The HostAgent progresses through different states, as defined in the ufo/agents/states/host_agent_states.py module. The states include:

State	Description
`CONTINUE`	Default state for action planning and execution.
`PENDING`	Invoked for safety-critical actions (e.g., destructive operations); requires user confirmation.
`FINISH`	Task completed; execution ends.
`FAIL`	Irrecoverable failure detected (e.g., application crash, permission error).

The state machine diagram for the HostAgent is shown below:

The HostAgent transitions between these states based on the user's request, the application information, and the progress of the AppAgents in executing the sub-tasks.

Task Decomposition

Upon receiving the user's request, the HostAgent decomposes it into sub-tasks and assigns each sub-task to an AppAgent for execution. The HostAgent determines the appropriate application to fulfill the user's request based on the application information and the user's request. It then orchestrates the AppAgents to execute the necessary actions to complete the sub-tasks. We show the task decomposition process in the following figure:

Creating and Registering AppAgents

When the HostAgent determines the need for a new AppAgent to fulfill a sub-task, it creates an instance of the AppAgent and registers it with the HostAgent, by calling the create_subagent method:

def create_subagent(
        self,
        agent_type: str,
        agent_name: str,
        process_name: str,
        app_root_name: str,
        is_visual: bool,
        main_prompt: str,
        example_prompt: str,
        api_prompt: str,
        *args,
        **kwargs,
    ) -> BasicAgent:
        """
        Create an SubAgent hosted by the HostAgent.
        :param agent_type: The type of the agent to create.
        :param agent_name: The name of the SubAgent.
        :param process_name: The process name of the app.
        :param app_root_name: The root name of the app.
        :param is_visual: The flag indicating whether the agent is visual or not.
        :param main_prompt: The main prompt file path.
        :param example_prompt: The example prompt file path.
        :param api_prompt: The API prompt file path.
        :return: The created SubAgent.
        """
        app_agent = self.agent_factory.create_agent(
            agent_type,
            agent_name,
            process_name,
            app_root_name,
            is_visual,
            main_prompt,
            example_prompt,
            api_prompt,
            *args,
            **kwargs,
        )
        self.appagent_dict[agent_name] = app_agent
        app_agent.host = self
        self._active_appagent = app_agent

        return app_agent

The HostAgent then assigns the sub-task to the AppAgent for execution and monitors its progress.

Reference

Bases: BasicAgent

The HostAgent class the manager of AppAgents.
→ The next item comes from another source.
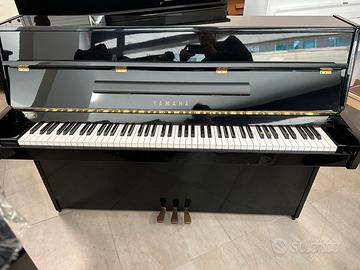 Pianoforte Yamaha c108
Initialize the HostAgent. :name: The name of the agent.

Parameters:	`is_visual` (`bool`) – The flag indicating whether the agent is visual or not. `main_prompt` (`str`) – The main prompt file path. `example_prompt` (`str`) – The example prompt file path. `api_prompt` (`str`) – The API prompt file path.

Source code in agents/agent/host_agent.py

def __init__(
    self,
    name: str,
    is_visual: bool,
    main_prompt: str,
    example_prompt: str,
    api_prompt: str,
) -> None:
    """
    Initialize the HostAgent.
    :name: The name of the agent.
    :param is_visual: The flag indicating whether the agent is visual or not.
    :param main_prompt: The main prompt file path.
    :param example_prompt: The example prompt file path.
    :param api_prompt: The API prompt file path.
    """
    super().__init__(name=name)
    self.prompter = self.get_prompter(
        is_visual, main_prompt, example_prompt, api_prompt
    )
    self.offline_doc_retriever = None
    self.online_doc_retriever = None
    self.experience_retriever = None
    self.human_demonstration_retriever = None
    self.agent_factory = AgentFactory()
    self.appagent_dict = {}
    self._active_appagent = None
    self._blackboard = Blackboard()
    self.set_state(self.default_state)
    self.Puppeteer = self.create_puppeteer_interface()

`blackboard` `property`

Get the blackboard.

`default_state` `property`

Get the default state.

`status_manager` `property`

Get the status manager.

`sub_agent_amount` `property`

Get the amount of sub agents.

Returns:	`int` – The amount of sub agents.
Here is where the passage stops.